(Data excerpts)
=== Begin Enclosure ===
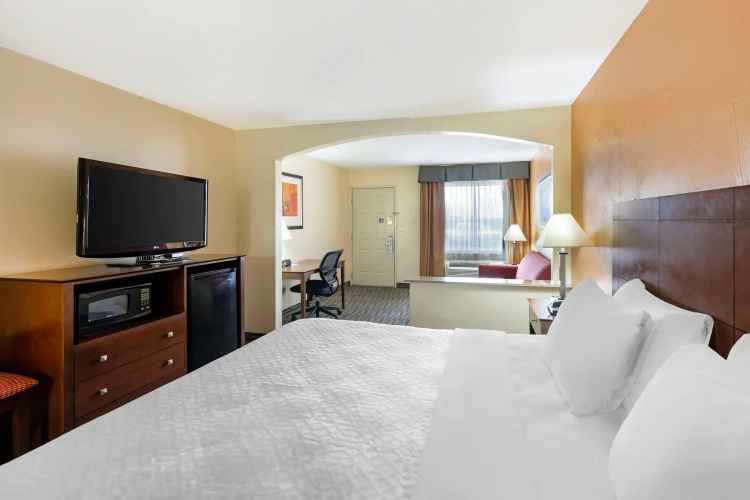 Best Western Snyder Inn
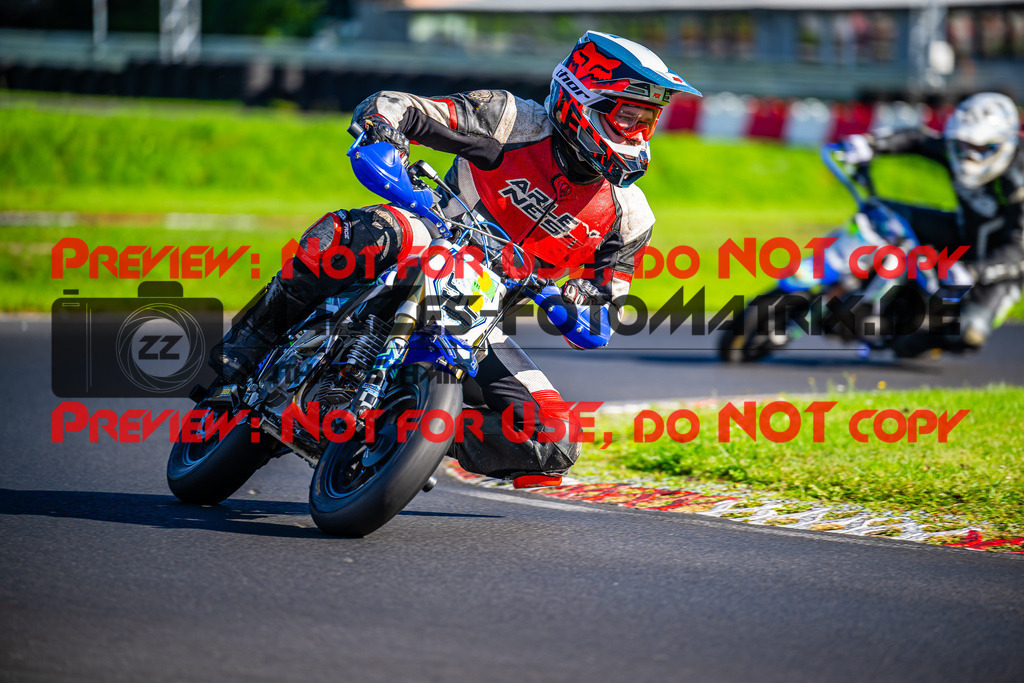 MaZZes_FotoMatrix_230920_1300 | Fotograf Mathias Schmid
Sportfotograf,
Eventfotograf,
Hochzeitsfotograf,
Portraitfotograf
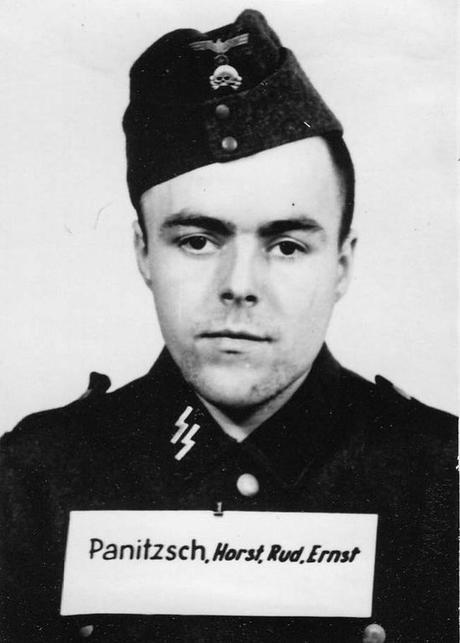 Retratos de los guardias nazis de Auschwitz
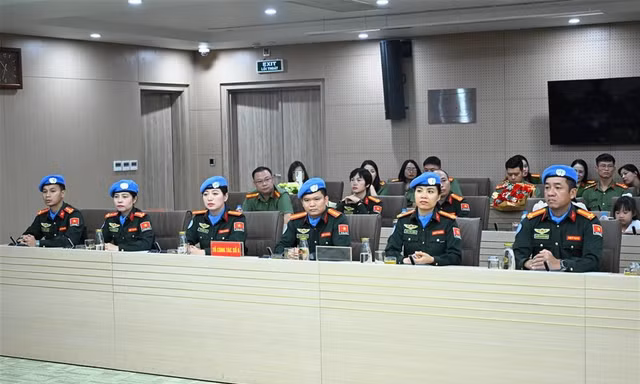 6 sĩ quan CAND tại buổi lễ.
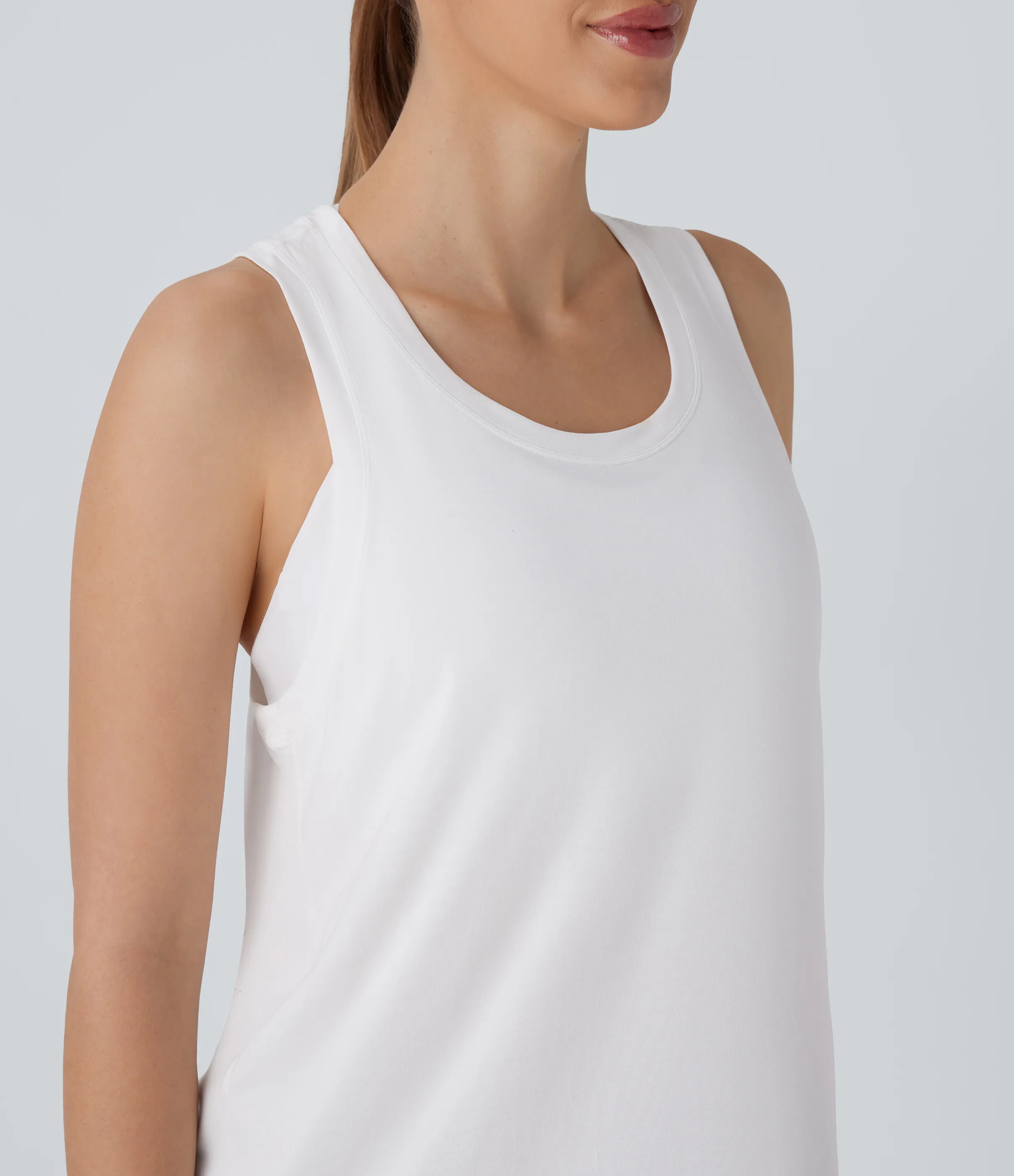 Halara Top deportivo yoga espalda cruzada dobladillo curvo - White - XS sold by Halara product image thumbnail 5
=== End Enclosure ===
What is required: Set down every record above exactly as it stands, but skip the pictures.

Expected answer:
 Best Western Snyder Inn
 MaZZes_FotoMatrix_230920_1300 | Fotograf Mathias Schmid
Sportfotograf,
Eventfotograf,
Hochzeitsfotograf,
Portraitfotograf
 Retratos de los guardias nazis de Auschwitz
 6 sĩ quan CAND tại buổi lễ.
 Halara Top deportivo yoga espalda cruzada dobladillo curvo - White - XS sold by Halara product image thumbnail 5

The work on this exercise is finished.